Any chance someone else in the world remembers this song from Sesame Street? It has a catchy tune and is a quick video showing people of all ages and animals of all origins, eating. Hard to know what the intention was when this was created but my sense is that it has something to do with common humanity, and recognizing this is something all of us do.

But when you are a young mother, as I was of a child who did not eat, and in fact was tube feeding my second child who was born unable to sustain his own life, it felt like me and my children were anything BUT part of common humanity. Here we are passively watching something as innocent as public television, and still feeling ostracized and singled out as “not fitting” here either.

If we are lucky enough to be born with bodies that function as we expect them to, and as we believe they “should” we have also inherited the luxury of belonging. We may even feel entitled to the parts of life that we expect to be on the horizon of choices of how we will spend our time.

But when we aren’t so lucky, we are forced to recon with our own humility. When we are different (aka, not perfect which by the way applies to every one of us) there is a loneliness that sucks all the air out of the room. Some differences are easier to mask than others.

For me, this little video struck a vulnerable chord in me as I sat in my living room, barricaded from even fitting in with the folks on Sesame Street, which is not easy to do. If they’d added just one person to that clip, that had a feeding tube, I don’t think it would have hurt so deeply.

If you are one of those people that gets “annoyed” when special needs conditions or differences cross over into main stream media, consider yourself at an advantage, that you can separate yourself from “THAT” club. Those of us in it have no choice, and we are reminded more often than not, that we are outsiders.

Inclusion is not about choice, its about being open to all of humanity not just the places where we ourselves belong. And if we want to be accepted, we need to extend our patience and non-judgment for others, for it to be extended to us.
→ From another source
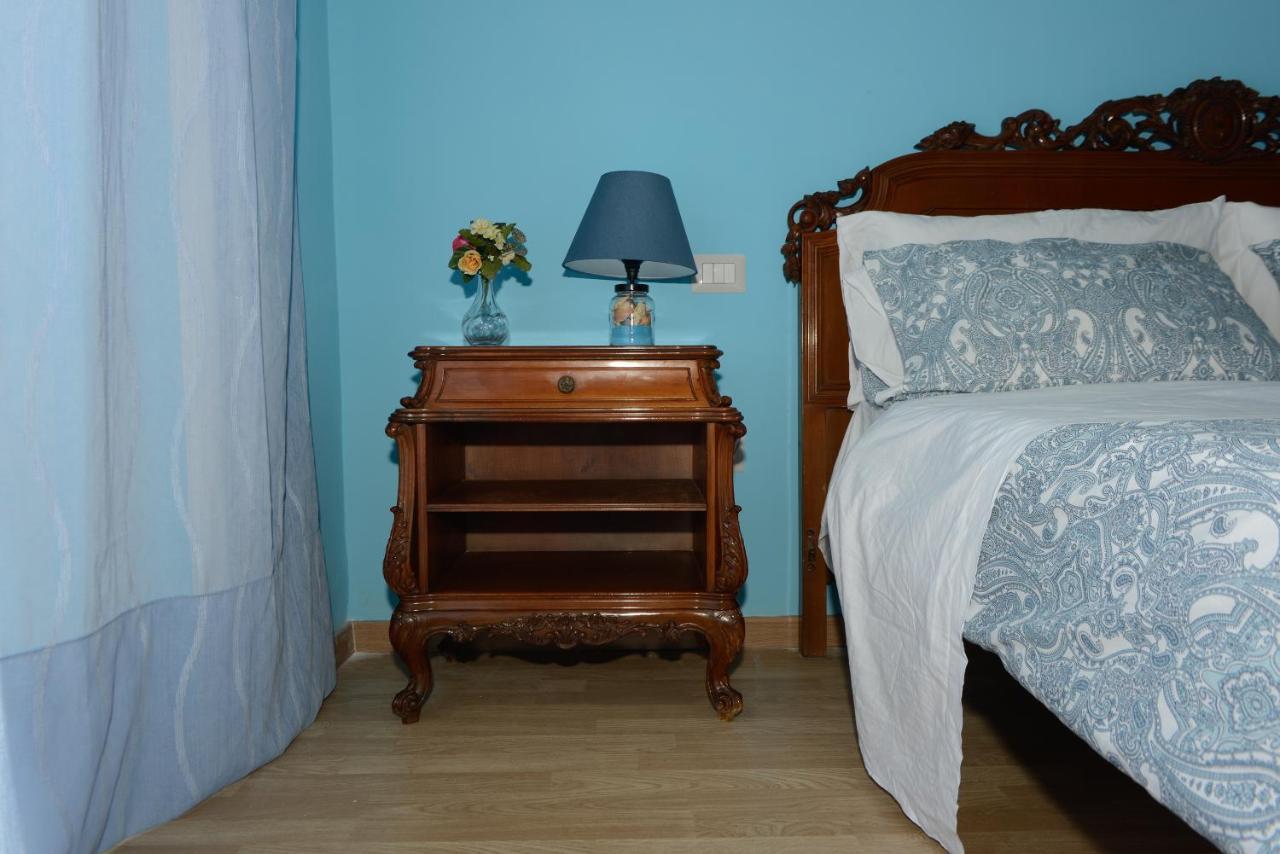 Napoli Royal Suite Exteriér fotografie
Over the years, Sesame Street and some of the other PBS shows have done a superior job at recognizing the importance of integration, and providing ways for us to see ourselves in others, and for our children to do the same.

Next time you see a wheelchair user in a TV show or advertisement, try to resist the feeling of “Seriously? Does everything have to be politically correct?” To “Damn, I need to count my blessings and be grateful that I have been spared the experience of being different.”